Input records:

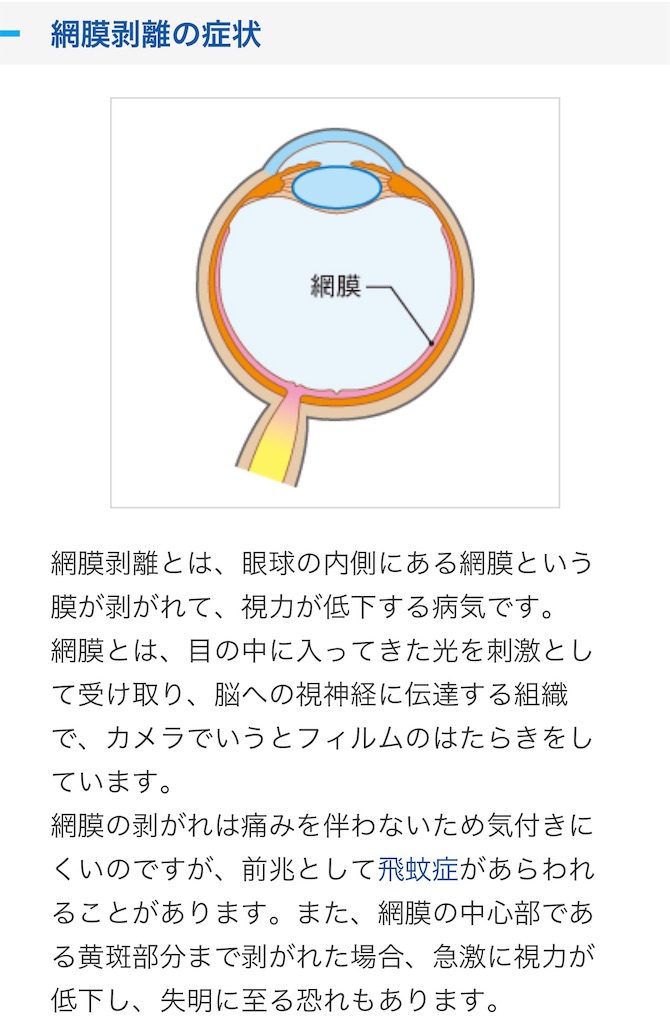 f:id:dencolife_com:20181125115829j:image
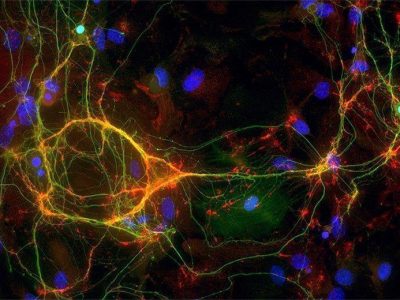 interneuron nih image gallery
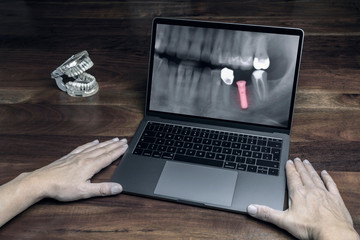 Auf dem Computer eine Röntgenaufnahme über ein Implantat
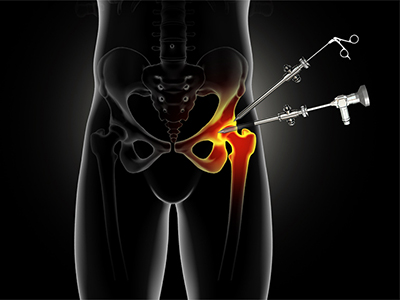 Arthroscopic Surgery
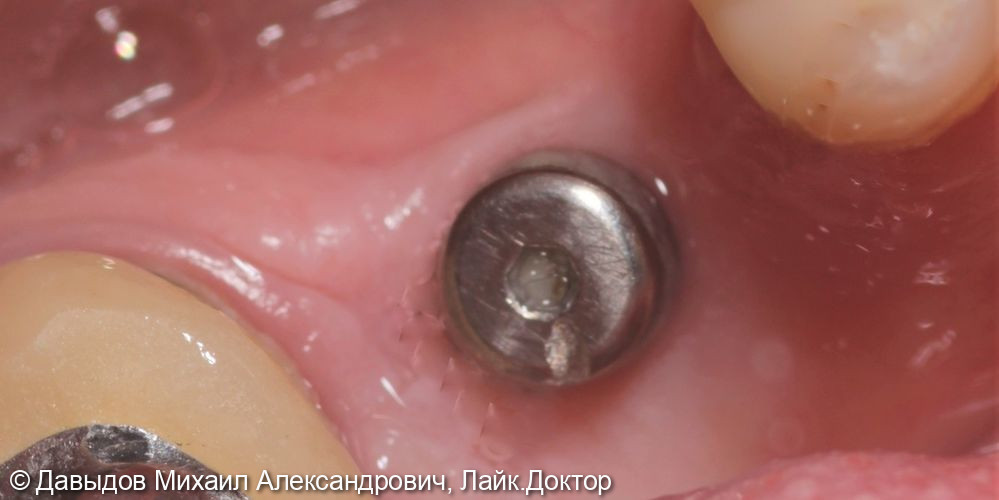 Протезирование зуба 46 металлокерамической коронкой c винтовой фиксацией на импланте Neobiotech - фото №1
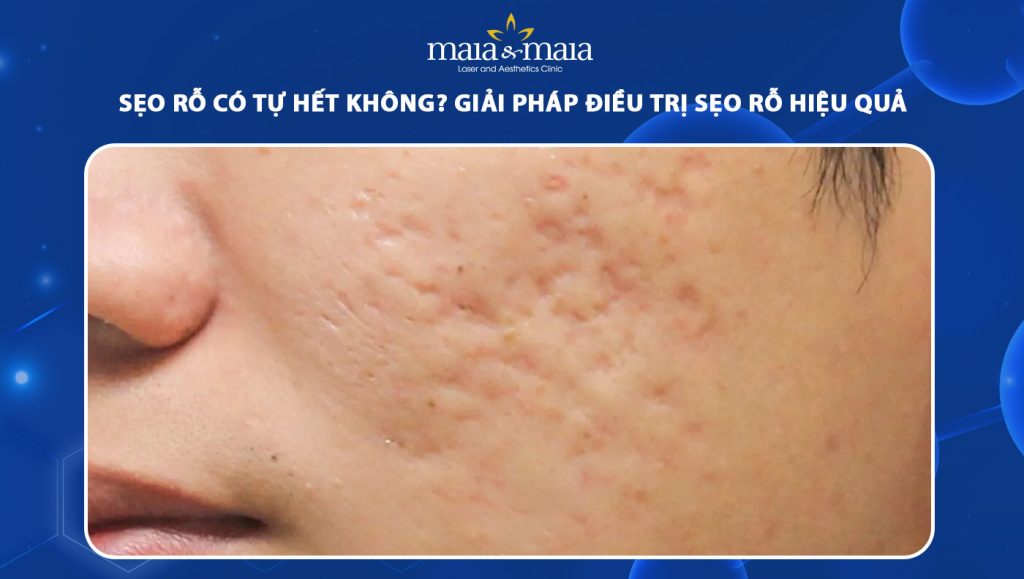 Sẹo rỗ có tự hết không? Giải pháp điều trị sẹo rỗ hiệu quả 1 sẹo rỗ có tự hết không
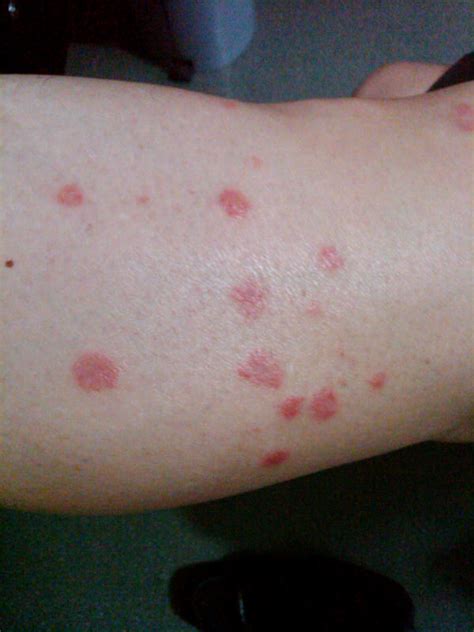 Small Red Spots On Skin Not Itchy Tiny Dots Bumps Pinpointed Rezfoods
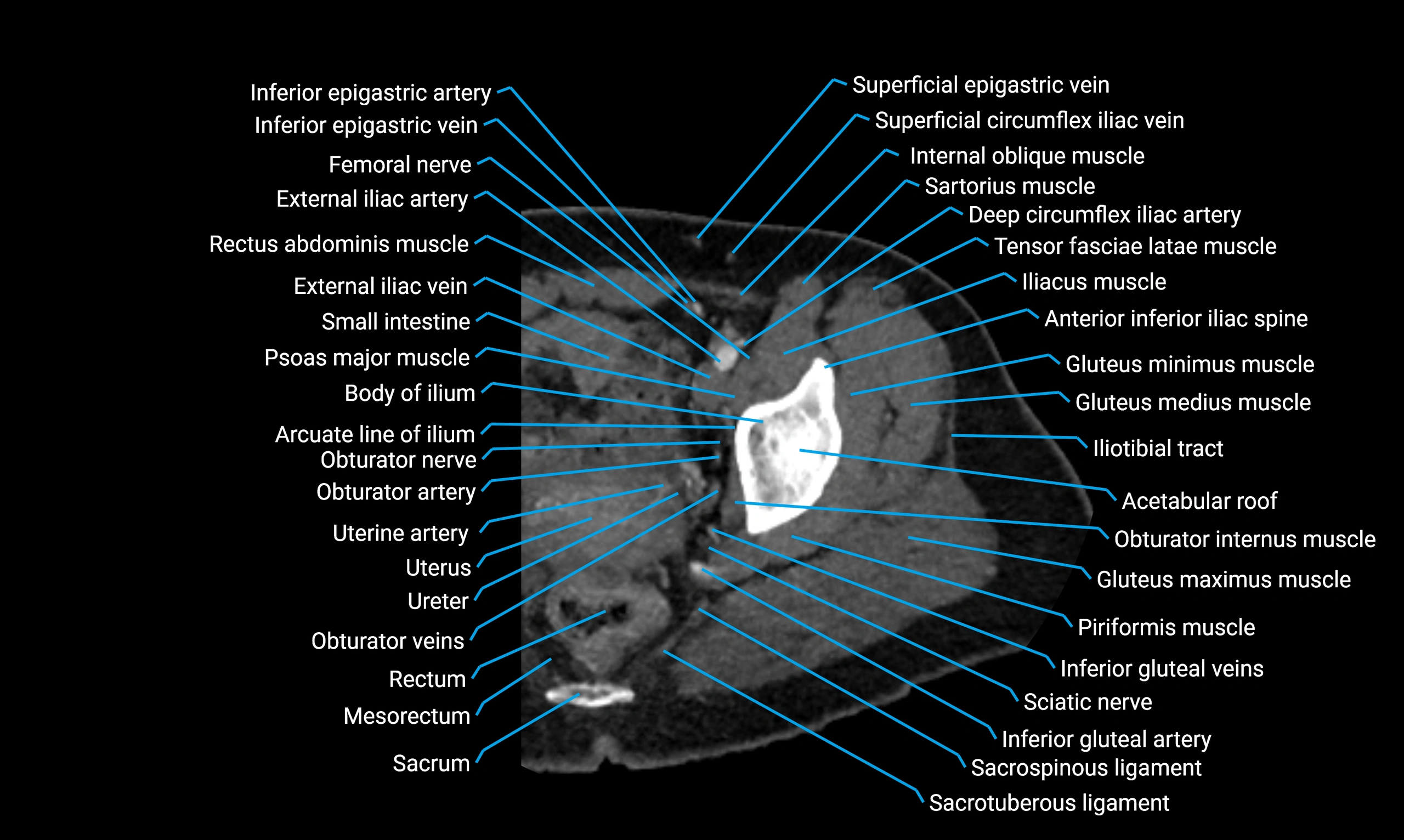 CT lower limb axial cross sectional anatomy labelled image 2 (2).webp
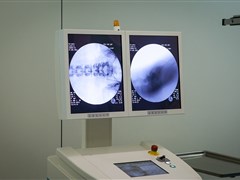 Процесс введения игл постоянно контролируется в двух проекциях при помощи интраоперационного рентгена.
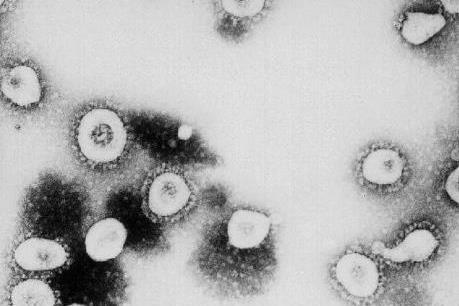 Ba kịch bản kết thúc dịch viêm đường hô hấp cấp do virus Corona
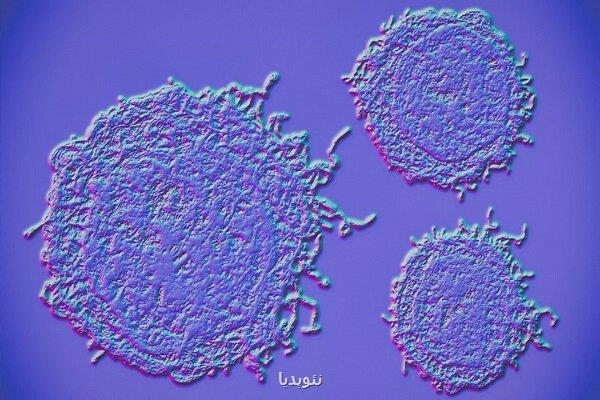 پاشنه آشیل سرطان تخمدان هدف یک ترفند نانویی قرار گرفت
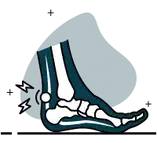 Insuficiencia tibial posterior
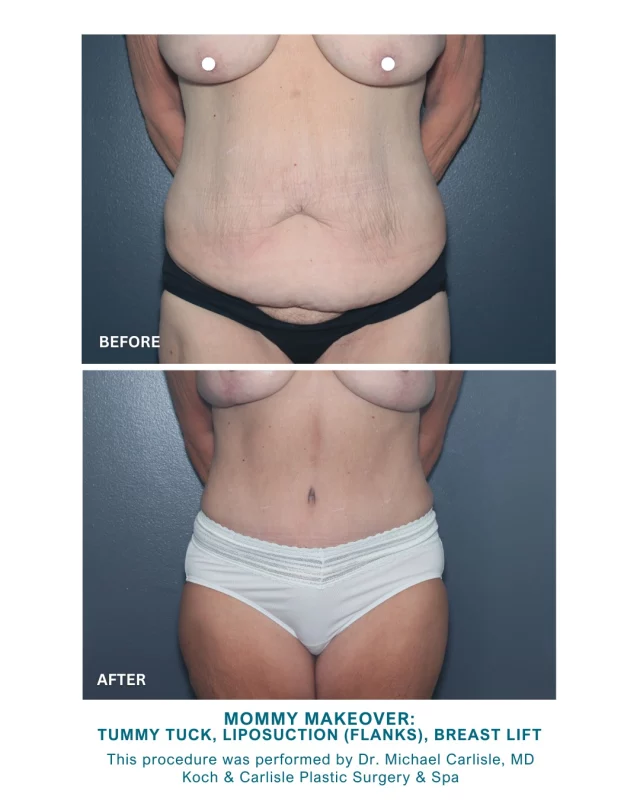 Our patient, 60, received a custom Mommy Makeover by Dr. Michael Carlisle, MD. Her procedures included a Tummy Tuck with Bilateral Liposuction to her Flanks, as well as a Breast Lift. Swipe over to see more!

From our Patient: "I feel so great; couldn't be happier! I love my new body!"

Dr. Carlisle is a board-certified plastic surgeon who specializes in the breast and body at Koch & Carlisle Plastic Surgery & Spa in West Des Moines. 

Following a Mommy Makeover, most of our patients return to work within 2 to 3 weeks post-procedure. Our Mommy Makeover patients are able to resume gradual exercise 4-6 weeks after surgery. Swelling will continue to subside over the next few months, and scars will fade to thin, light lines. 

We offer scar reduction therapies to help your scars appear as inconspicuous as possible.

Interested in meeting with Dr. Carlisle for an in-person consultation? We're happy to help!
➡ Speak with a member of our team | 515-277-5555, press "1" for consultations
➡ Inquire online | https://www.kochandcarlisle.com/consultation-mobile/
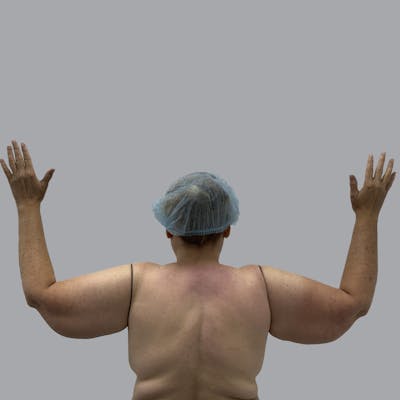 Lipedema Before & After Gallery - Patient 105815 - Image 1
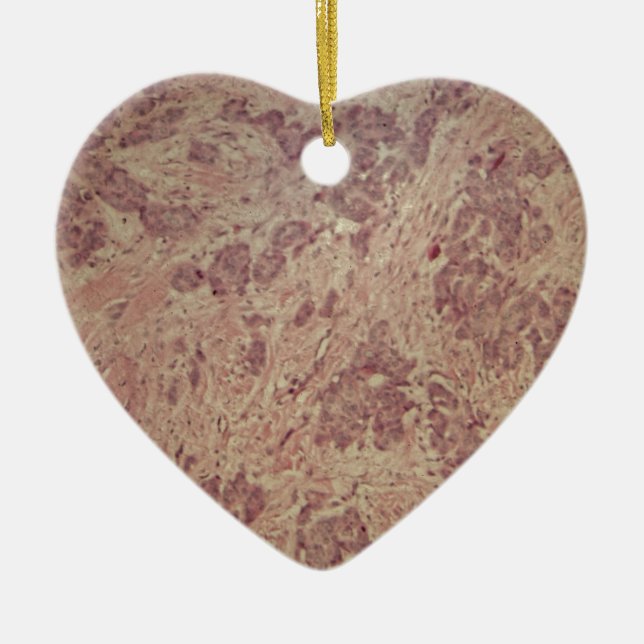 Breast cancer under the microscope ceramic tree decoration (Front)
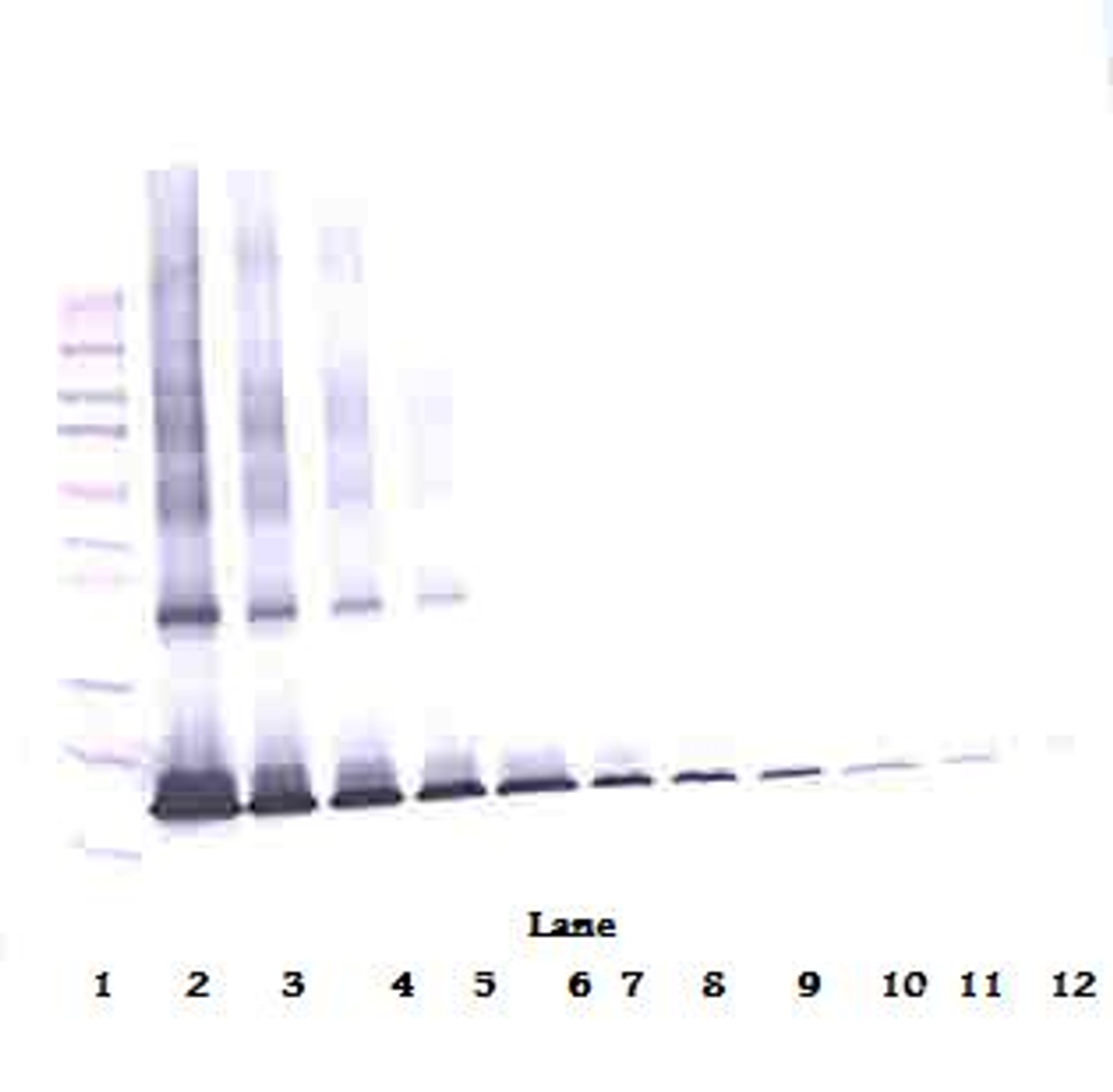 To detect Human IL-1RA by Western Blot analysis this antibody can be used at a concentration of 0.1 - 0.2 ug/ml. Used in conjunction with compatible secondary reagents the detection limit for recombinant Human IL-1RA is 1.5 - 3.0 ng/lane, under either reducing or non-reducing conditions.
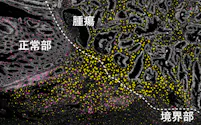腫瘍(がん細胞)と正常部の境界に黄色で示したTHBS2が多く発現し、ピンクで示した免疫細胞が腫瘍に入り込めなくなっている=京都大学提供
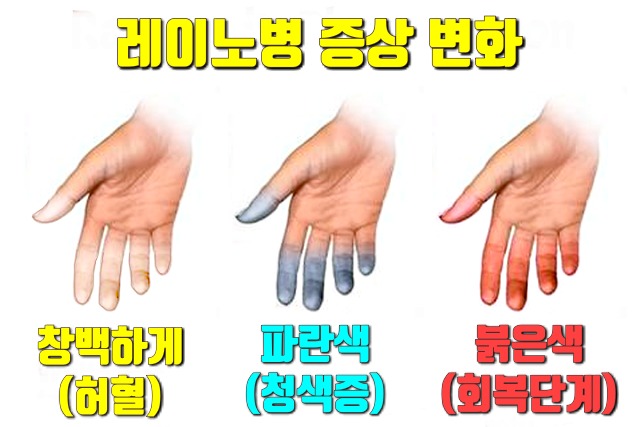 추울때 손가락 끝이 하얗게 레이노 증후군 증상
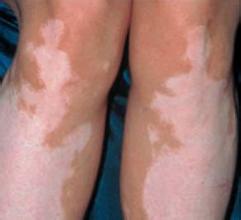  腿上發展期白癜風有沒有治療的好方法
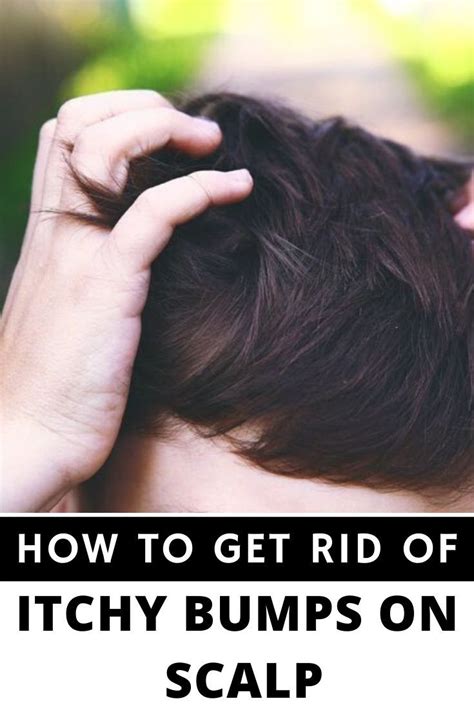 Lie bumps, or transient lingual papillitis, are small bumps that appear. How To Get Rid Of Itchy Bumps On Scalp in 2020 | Itchy ...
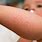 Skin Rashes On Children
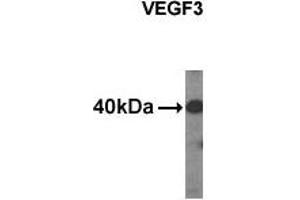 Western Blotting (WB) image for anti-Vascular Endothelial Growth Factor C (VEGFC) (C-Term), (N-Term) antibody (ABIN356356) (VEGFC 抗体  (C-Term, N-Term))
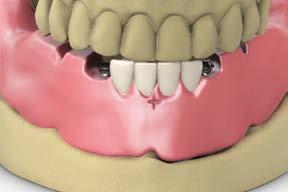 Note: If making a verification jig, refer to verification jig fabrication module. Return the case to the laboratory for the fabrication of a stabilized trial denture.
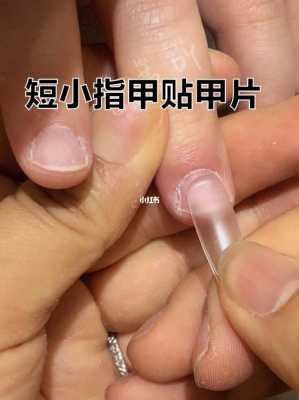 甲片和指甲分离修复多少钱,甲片和指甲一起断了 -图3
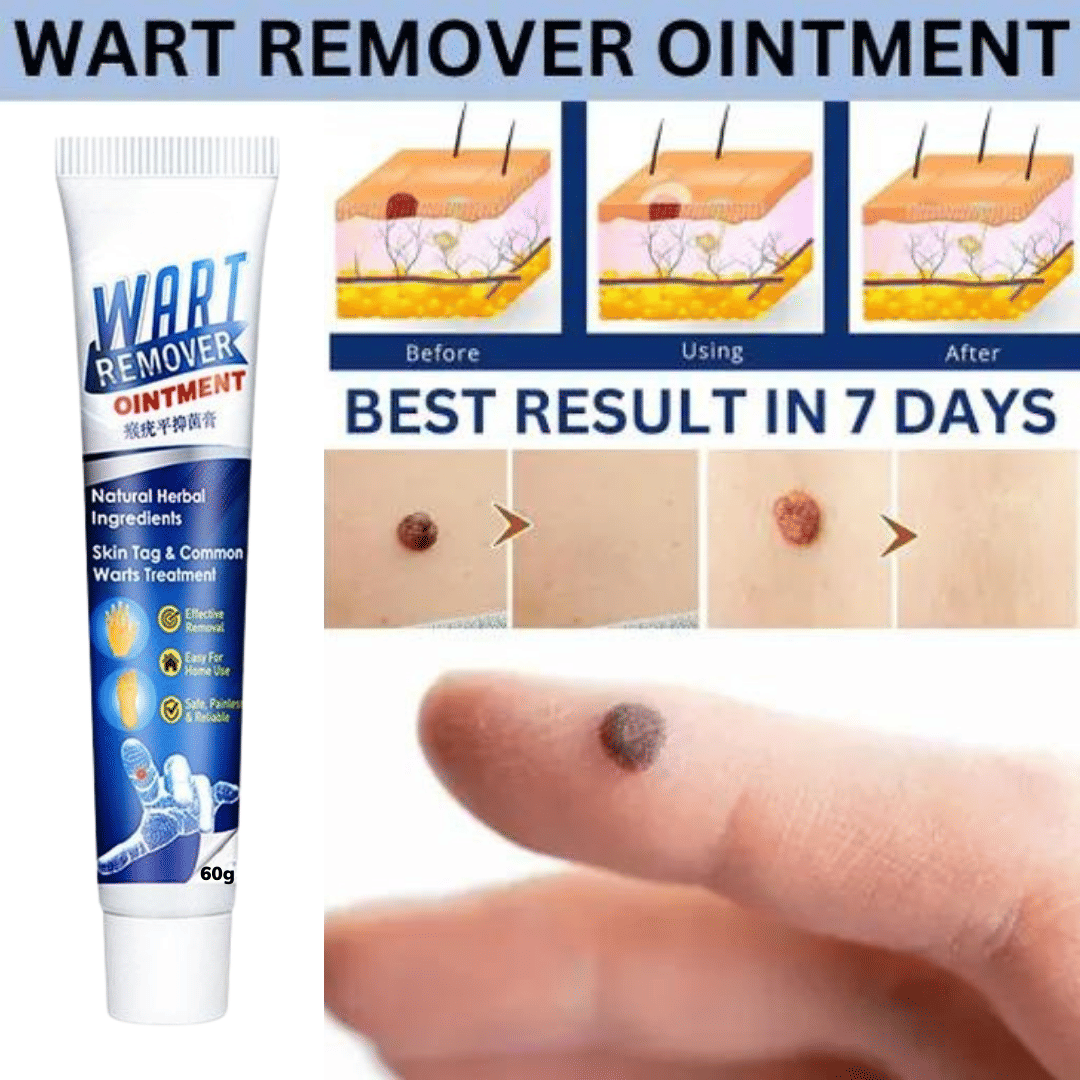 Remover Wart Without Leaving scars and refuse to repeat Herbal Ingrediants All Skin Type Use For Men And Women Remover Wart Without Leaving scars and refuse to repeat Herbal Ingrediants All Skin Type Use For Men And Women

Directions for this task: Transcribe exactly, with no pictures, the lines running from the first line of the material through the line holding "feel so great;".

Answer to this problem:
 f:id:dencolife_com:20181125115829j:image
 interneuron nih image gallery
 Auf dem Computer eine Röntgenaufnahme über ein Implantat
 Arthroscopic Surgery
 Протезирование зуба 46 металлокерамической коронкой c винтовой фиксацией на импланте Neobiotech - фото №1
 Sẹo rỗ có tự hết không? Giải pháp điều trị sẹo rỗ hiệu quả 1 sẹo rỗ có tự hết không
 Small Red Spots On Skin Not Itchy Tiny Dots Bumps Pinpointed Rezfoods
 CT lower limb axial cross sectional anatomy labelled image 2 (2).webp
 Процесс введения игл постоянно контролируется в двух проекциях при помощи интраоперационного рентгена.
 Ba kịch bản kết thúc dịch viêm đường hô hấp cấp do virus Corona
 پاشنه آشیل سرطان تخمدان هدف یک ترفند نانویی قرار گرفت
 Insuficiencia tibial posterior
 Our patient, 60, received a custom Mommy Makeover by Dr. Michael Carlisle, MD. Her procedures included a Tummy Tuck with Bilateral Liposuction to her Flanks, as well as a Breast Lift. Swipe over to see more!

From our Patient: "I feel so great; couldn't be happier! I love my new body!"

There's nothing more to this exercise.